TEMPO.CO, Jakarta - Kepala Pusat Pelaporan dan Analisis Transaksi Keuangan atau PPATK Ivan Yustiavandana menyatakan bahwa transaksi mencurigakan sebesar Rp 349 triliun terindikasi sebagai tindak pidana pencucian uang (TPPU) dalam bidang ekspor-impor dan perpajakan. Meskipun demikian, dia menjelaskan bahwa hal itu bukan berarti transaksi tersebut melibatkan pegawai Kementerian Keuangan.
“Itu hasil analisis dan pemeriksaan, tentunya TPPU. Jika tidak ada TPPU, tidak akan kami sampaikan,” ucap Ivan dalam Rapat Dengar Pendapat (RDP) antara PPATK dengan Komisi III DPR RI di Komplek Parlemen, Jakarta, Selasa, 21 Maret 2023.
PPATK serahkan LHA ke Kemenkeu karena sesuai tupoksinya.
Lebih lanjut, Ivan mengklarifikasi bahwa transaksi mencurigakan ini tidak seluruhnya terjadi di Kementerian Keuangan, tetapi terkait dengan tugas pokok dan fungsi Kementerian Keuangan sebagai penyidik tindak pidana asal.

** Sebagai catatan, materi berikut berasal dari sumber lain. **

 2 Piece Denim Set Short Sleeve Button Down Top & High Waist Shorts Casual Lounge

Ivan memberikan contoh, ketika terjadi tindak pidana narkotika, seseorang akan menyerahkan kasus tersebut kepada Badan Narkotika Nasional (BNN) karena tindak pidana tersebut terkait dengan tugas pokok dan fungsi dari BNN.

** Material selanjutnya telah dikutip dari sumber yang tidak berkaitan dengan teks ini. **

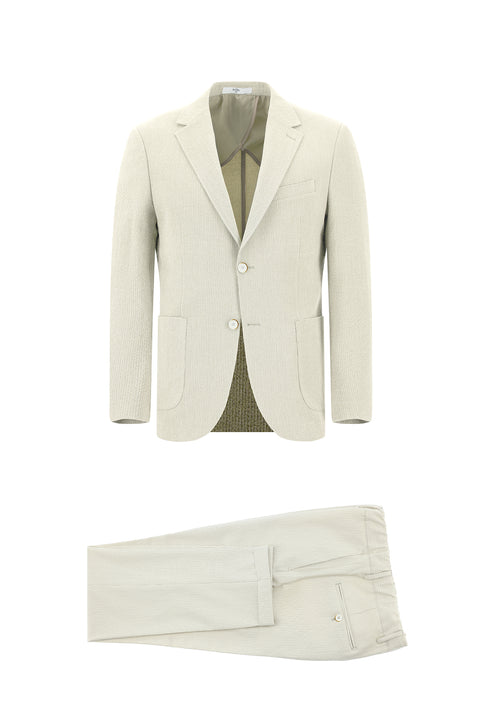 Krem 7 Drop Slim Fit Dar Kesim Çizgili Beli Lastikli İpli Takım Elbise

Dia menyatakan, pihaknya menyerahkan Laporan Hasil Analisa (LHA) itu kepada Kementerian Keuangan karena sesuai tugas pokok kementerian tersebut dalam mengurusi bea ekspor-impor dan pajak.
Sebagian besar kasus dalam perkara transaksi Rp 349 triliun ini terkait dengan kasus impor-ekspor dan kasus perpajakan. Di dalam satu kasus saja, tutur Ivan, khususnya ekspor dan impor, bisa terjadi transaksi lebih dari Rp 100 triliun.
“Jadi, sama sekali tidak bisa diterjemahkan kejadian tindak pidananya itu di Kementerian Keuangan. Ini jauh berbeda,” kata Ivan.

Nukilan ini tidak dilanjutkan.